Indian civil engineer

Kanwar Sain, also known as Rai Bahadur Kanwar Sain Gupta OBE (1899-1989) was a civil engineer from Haryana state in India. He was the chief engineer in the Bikaner state who came up with idea of Rajasthan Canal. He also successfully implemented the Ganga canal project which expanded into Indira Gandhi Canal. He was considered a leading irrigation engineer of his time.

He was born in 1899 in Tohana district Fatehabad (Haryana). He was educated at D.A.V. College, Lahore. He graduated as a civil engineer with honors from Thomason College of Civil Engineering, Roorkee (now, IIT Roorkee) in 1927. He was awarded the Padma Bhushan in 1956. His memoir, 'Reminiscences of an Engineer' was published in 1978.

He was chairman of Central Water and Power Commission, Ministry of Irrigation and Power, Government of India. Kanwar Sain and Karpov (1967) presented enveloping curves for Indian rivers.

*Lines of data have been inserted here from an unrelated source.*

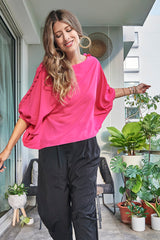 HOT PINK SCALLOPED TOP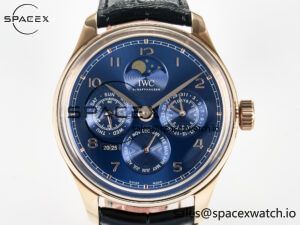 IW5033 Portugieser Perpetual Calendar RG V9F 1:1 Best Edition White Dial on Black Leather Strap A52610 - Image 2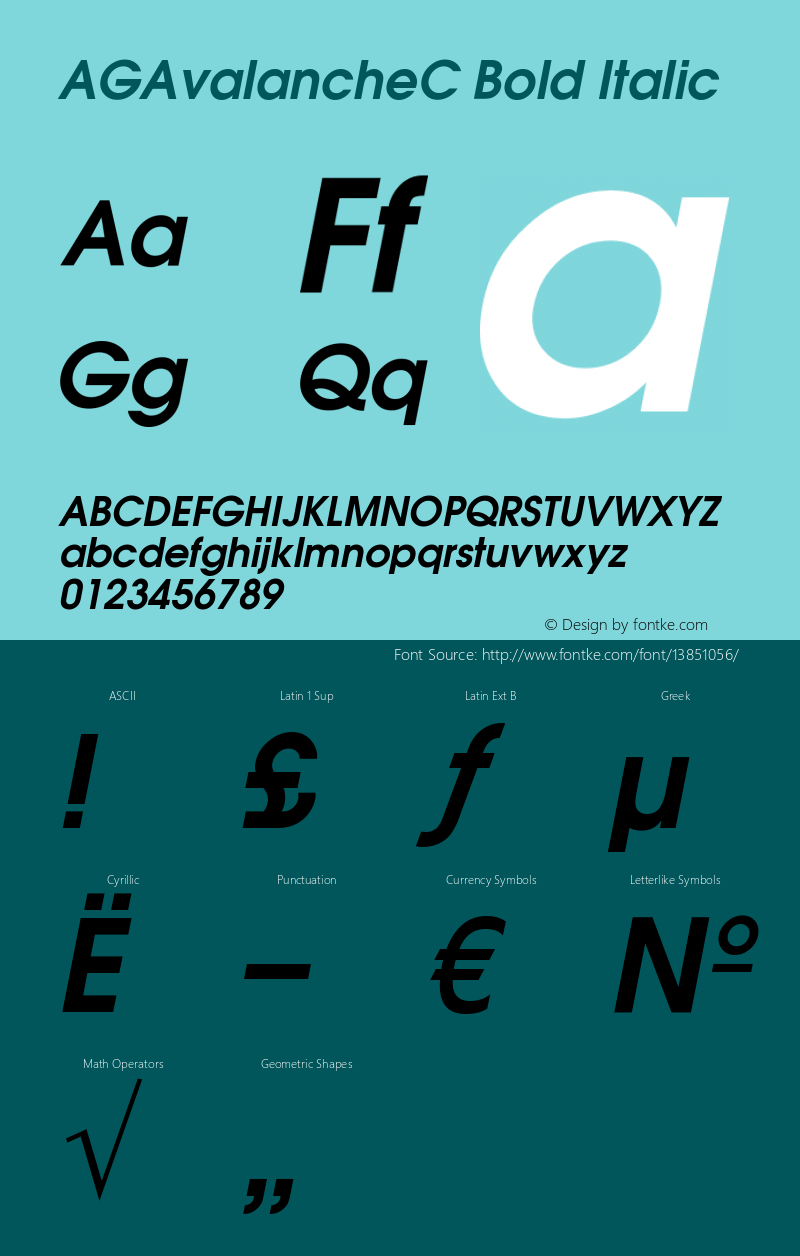 AGAvalancheC Bold Italic OTF 1.0;PS 001.000;Core 116;AOCW 1.0 161 Font Sample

==Career and recognition==
Kanwar Sain contributed to the design and establishment of the Central Water and Power Commission. Sain's passionate involvement with his work - especially in saving Dibrugarh from floods and during the mishap at the Bhakra Dam, endeared him to his colleagues, both in India and abroad. He was associated with the Mekong Development Project for nine years as an UN expert.
For nearly half a century, Sain was involved with river projects and development of water resources both in India and abroad. He was closely connected with major projects-from the Damodar Valley to the Rajasthan Canal, from Hirakud Dam, to the Narmada River Project.

Sain was recognized with several honors, including the Order of the British Empire, O.B.E., and the Padma Bhushan.

He was offered the Order of the Elephant by the Government of Thailand, but could not accept it, as he was serving with the United Nations. He was elected President of Central Board of Irrigation and Power in 1953, Vice President of International Commission on Irrigation and Drainage 1954 and President of the Institute of Engineers India in 1956.

He was awarded Honorary Life Membership by the American Society of Civil Engineers and an Honorary Life Fellowship by the Institution of Engineers India. His alma mater, the University of Roorkee (now Indian Institute of Technology, Roorkee), awarded him an honorary doctorate of engineering.